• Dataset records
[Start of Attachment]

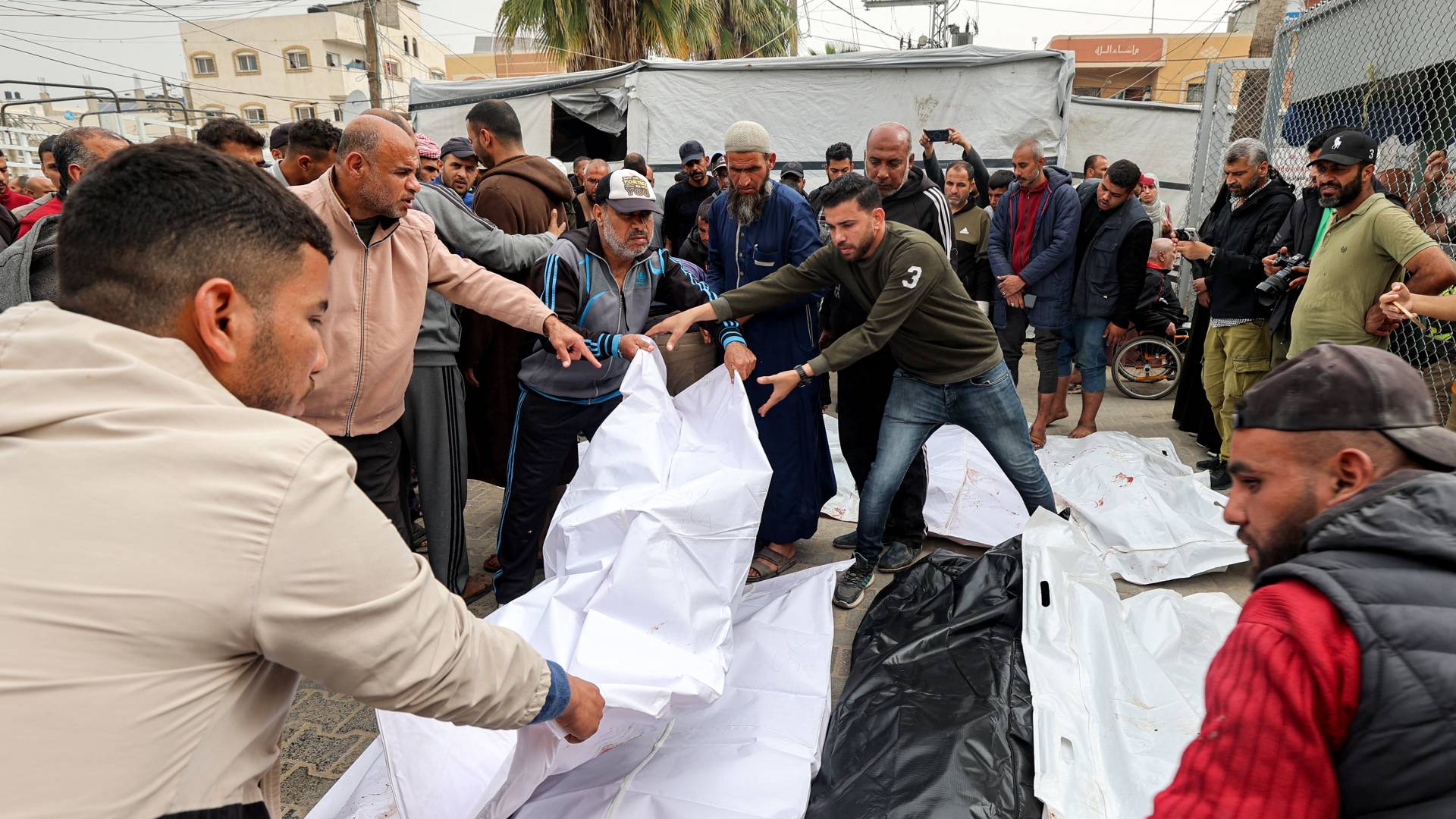 شهداء في قطاع غزة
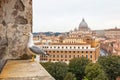 Seagull sitting on a stone window-sill against vatican view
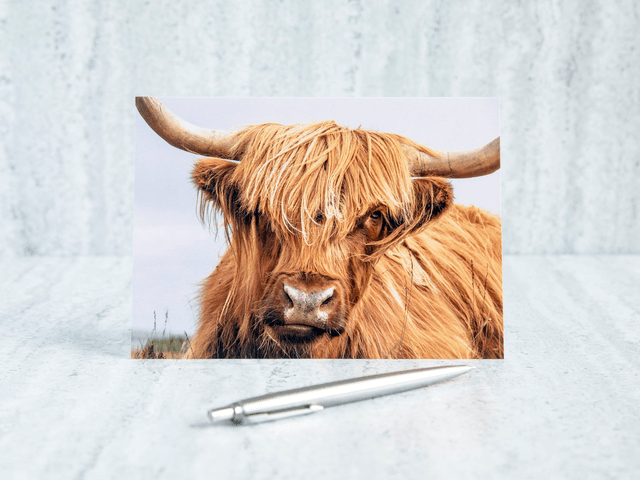 Heilan Coo Blank Card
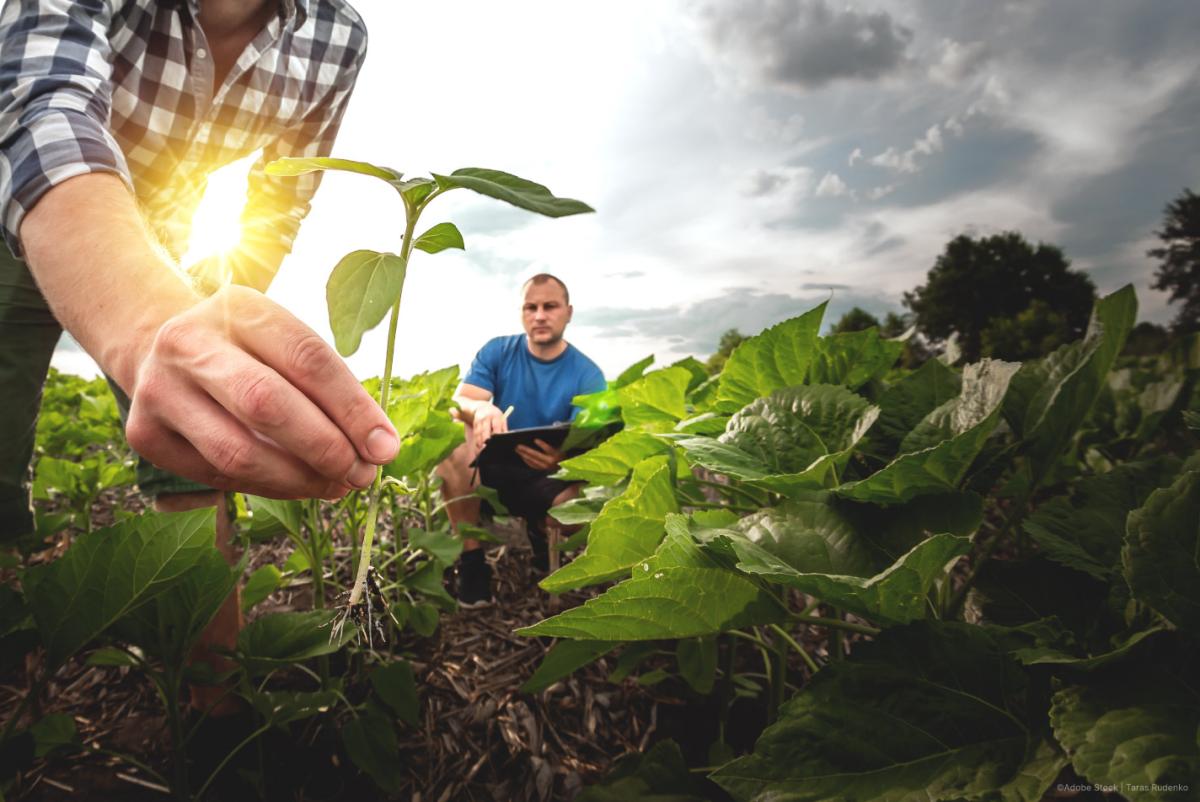 Future of agriculture - European Commission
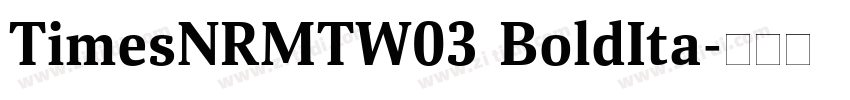TimesNRMTW03 BoldIta字体转换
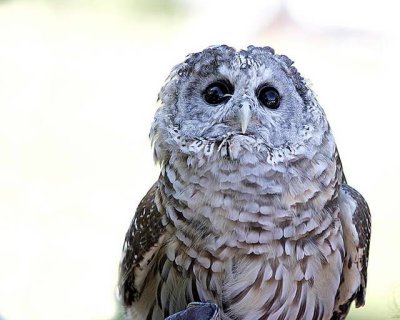 Camp Saratoga open house 05-62 wise owl.jpg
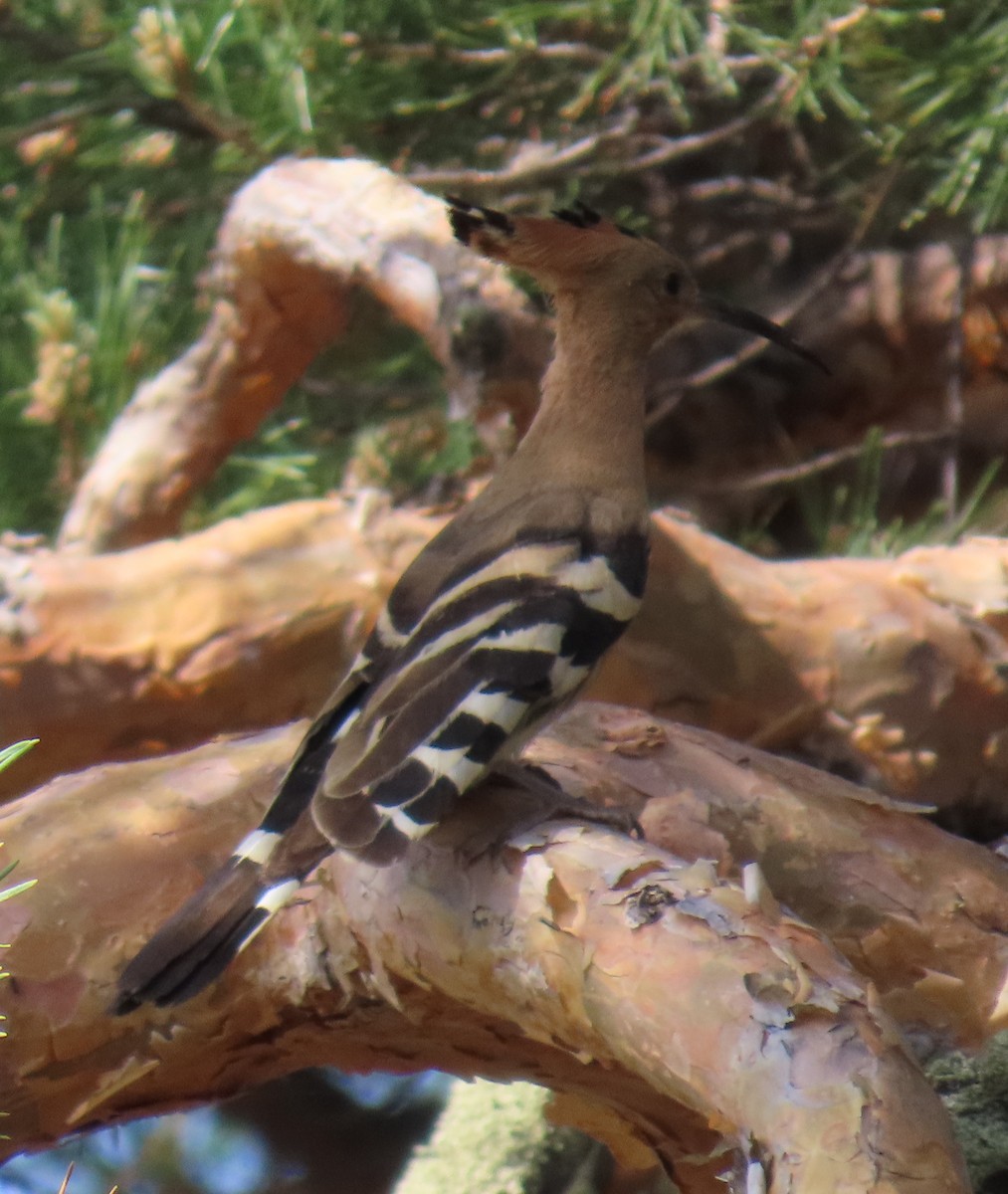 Eurasian Hoopoe - ML638356180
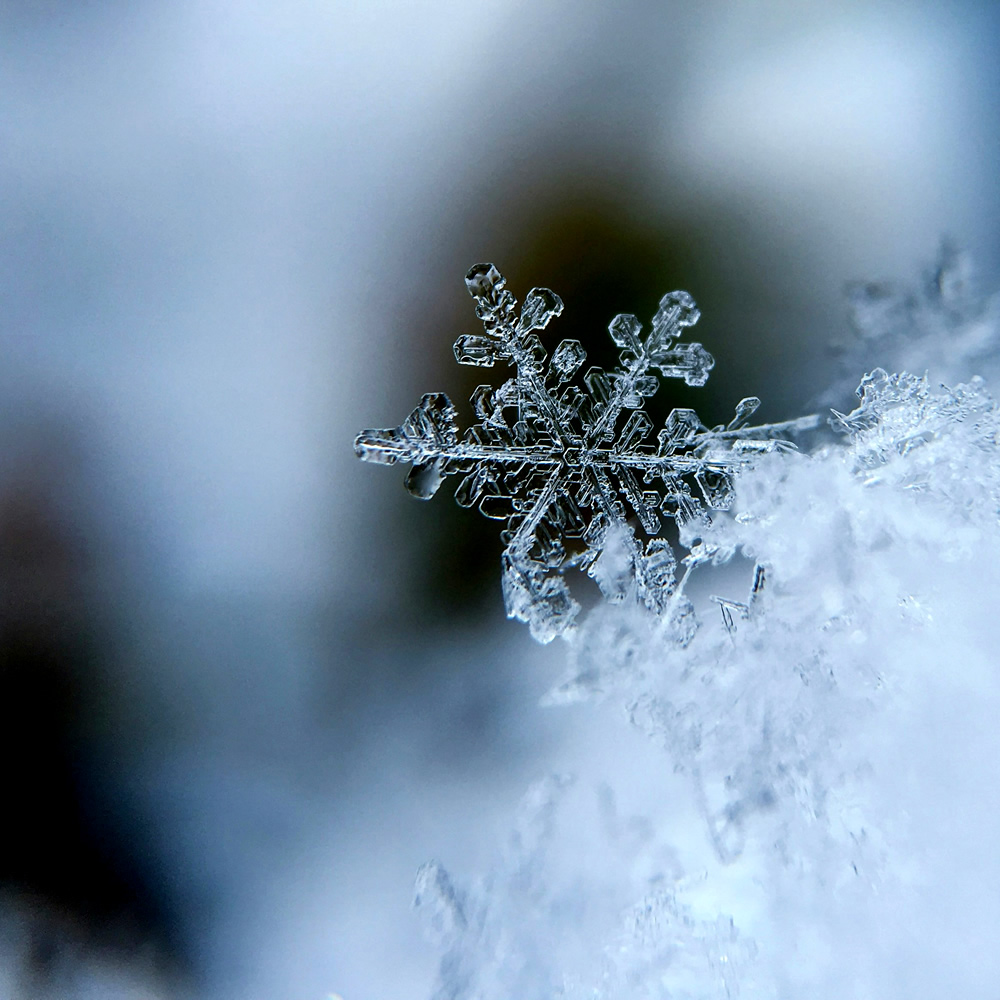 Essstörungen führen nur in eine Richtung: immer Winter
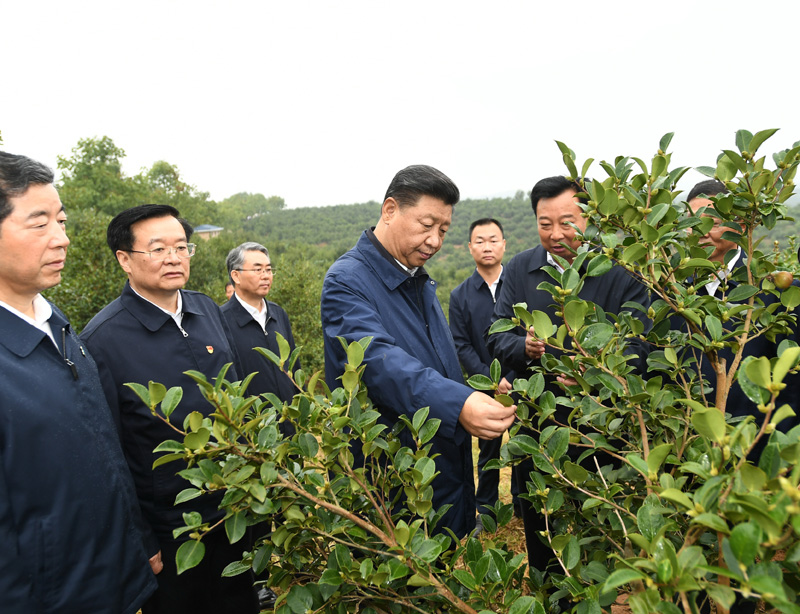 　　9月16日至18日，中共中央總書記、國家主席、中央軍委主席習近平在河南考察。這是17日上午，習近平來到信陽市光山縣槐店鄉(xiāng)司馬光油茶園，實地察看油茶樹種植和掛果情況。新華社記者 謝環(huán)馳 攝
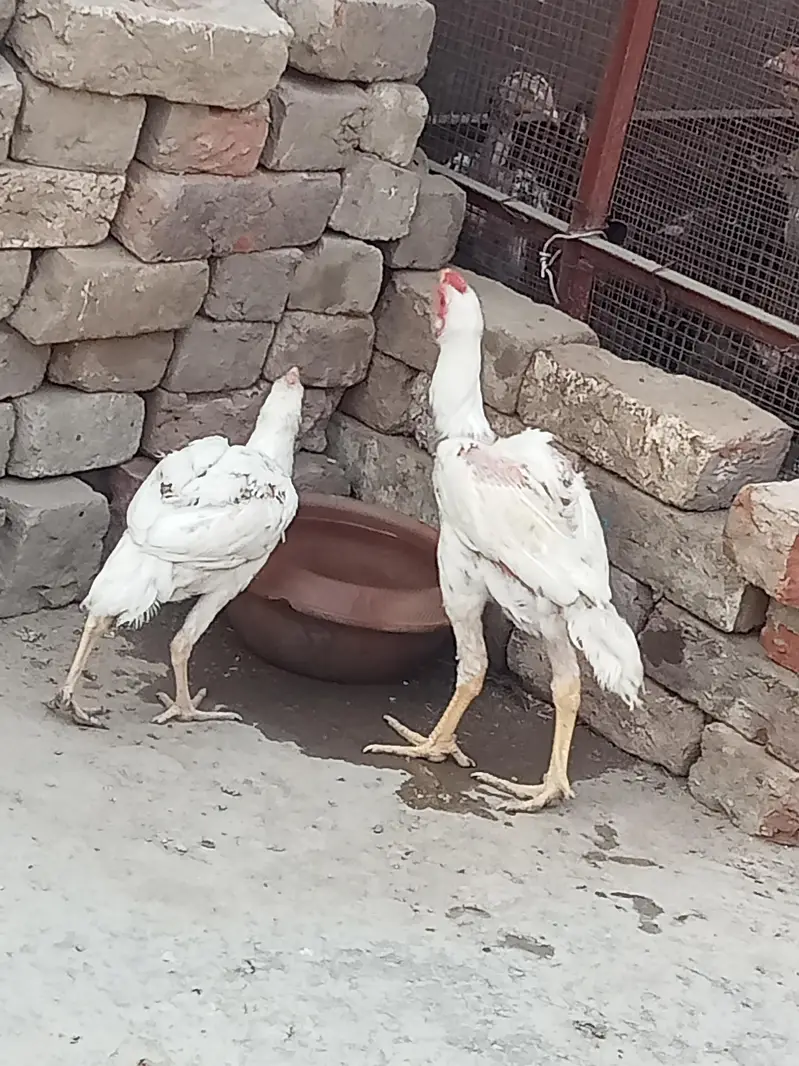 aseel for sale — photo 6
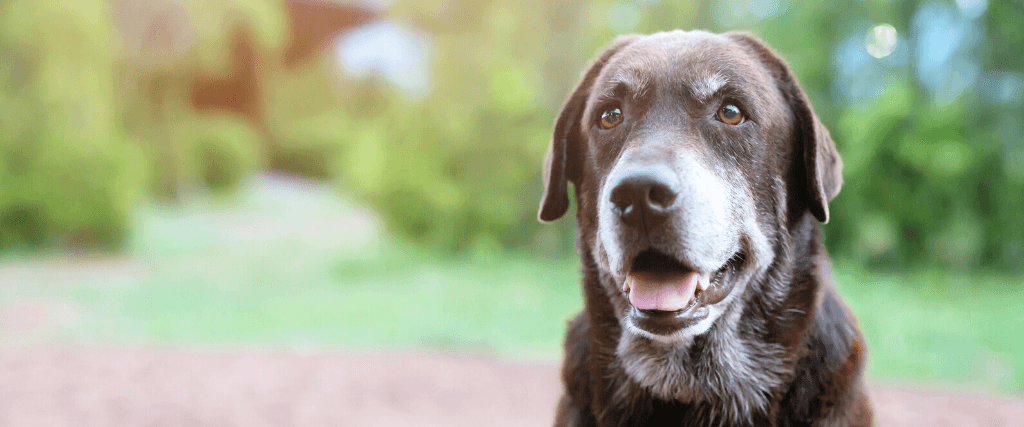 Arthritis In Dogs &amp; Cats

[End of Attachment]

• YOUR OBJECTIVE
Can the lines from the start of the records through the line with "Eurasian Hoopoe - ML638356180" be given again exactly, with the pictures left out?

• ANSWER AREA
 شهداء في قطاع غزة
 Seagull sitting on a stone window-sill against vatican view
 Heilan Coo Blank Card
 Future of agriculture - European Commission
TimesNRMTW03 BoldIta字体转换
 Camp Saratoga open house 05-62 wise owl.jpg
 Eurasian Hoopoe - ML638356180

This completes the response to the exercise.